Jeju Island tourists spent record amounts in 2019
Credit card payments by visitors to Jeju Island reached an all-time high in 2019, with domestic travelers and individual Chinese tourists driving the rebound.
After Korea deployed U.S. missile defense batteries in 2016, Beijing retaliated unofficially against Korea, and travel restrictions dramatically decreased the number of Chinese tourists to Korea. The two countries have been gradually mending relations ever since.
Jeju Tourism Organization (JTO) on Sunday said credit card payments in Jeju in 2019 amounted to 4.22 trillion won ($3.74 billion), the highest in recent years. The data was based on Shinhan Card’s analysis of consumption patterns of Jeju visitors from 2012 to 2019. JTO concluded that the consumption in Jeju’s tourism market rose as the number of local tourists as well as frequency of their visits increased after tensions with China emerged.
JTO emphasized the changing consumption patterns of local tourists. Last year, credit card usage by local tourists totaled 2.94 trillion won, 69.7 percent of the combined amount paid by domestic and foreign travelers.
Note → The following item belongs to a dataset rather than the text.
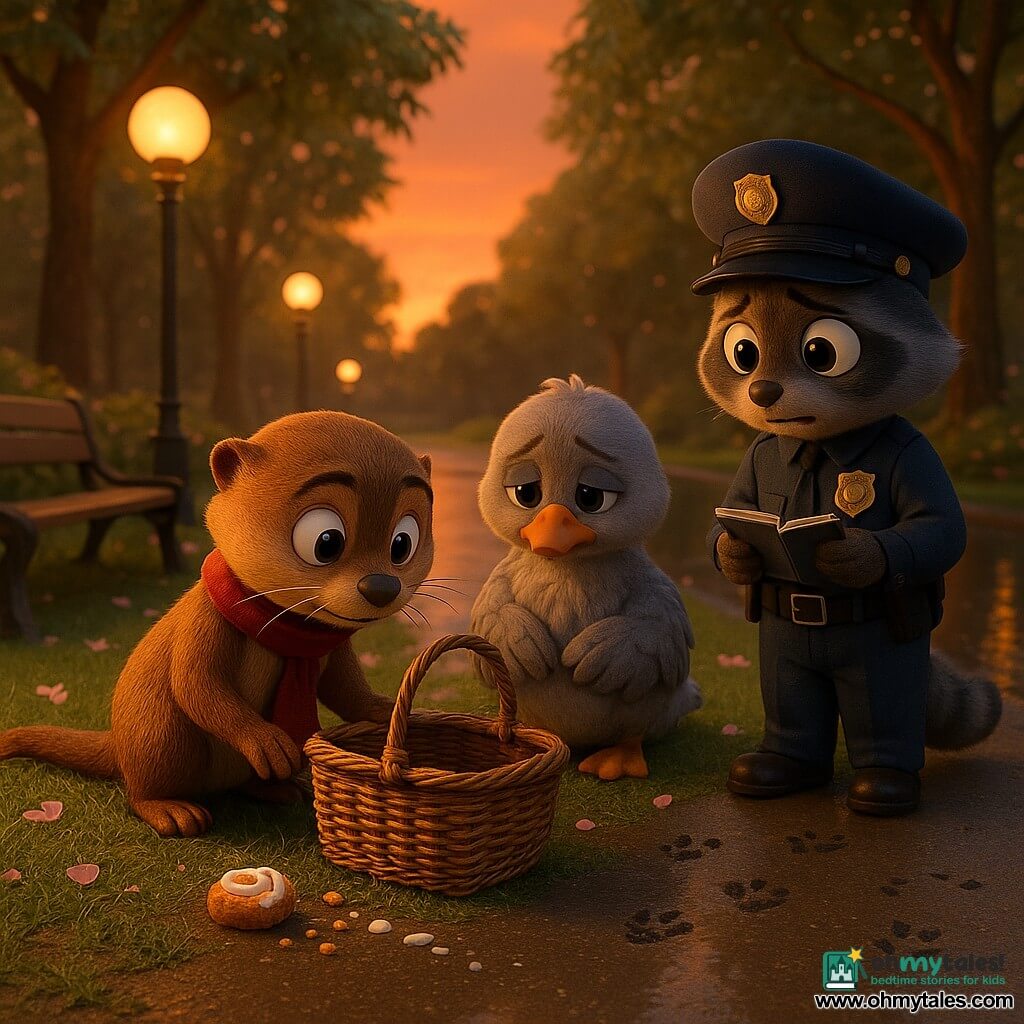 Pip, a small detective otter, kneels center, focused and gentle with twitching whiskers, a red scarf and bright eyes, examining an empty wicker basket on the grass; behind it sits Gilly, a young fluffy grey goose, ashamed and sad with wings folded and head down; Officer Nib, a young raccoon in an oversized uniform, stands beside Pip holding a small notebook, looking worried but relieved; nearby are cinnamon roll crumbs and a trail of white icing leading to a wooden bench with three-toed muddy prints; the park at dusk is calm with a wet paved path, a shiny pond reflecting orange, leafy trees, scattered flower petals and warm-glowing lamp posts, mood tender and reparative, centered composition, warm colors and tactile textures (feathers, fur, wicker, icing).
“Among all Jeju visitors last year, around 70 percent of them had visited the island more than once,” said a spokesperson for JTO. “The data show that the travel pattern of Jeju’s visitors has shifted to visiting the island more frequently.”
China’s loosened travel restrictions on Korea also contributed to the increase in credit card payments. Last year, foreigners who visited Jeju accounted for 30.2 percent of the total credit card usage, or 1.28 trillion won. The value rose 37.4 percent from 2018, with increased traffic from daigong, the Chinese word for illicit merchants, and individual tourists.
Tourists are also spending money in more areas of Jeju Island than before. In 2012, consumption in Jeju was concentrated in four regions in the east, each recording more than 50 billion won of credit card transactions. That number rose to 13 regions throughout Jeju in 2019. Tourists are now exploring the nooks and crannies of the island.
By district, credit payments in Jeju’s western region rose by 20 percent, in eastern regions by 19 percent and in the western part of Seogwipo by 19 percent.
By town, the growth rate was the highest in Gujwa-eup, followed by Aewol-eup and Daejeong-eup. Foreigners’ card payments were focused on eastern Jeju, but they have been spreading to western Seogwipo as well.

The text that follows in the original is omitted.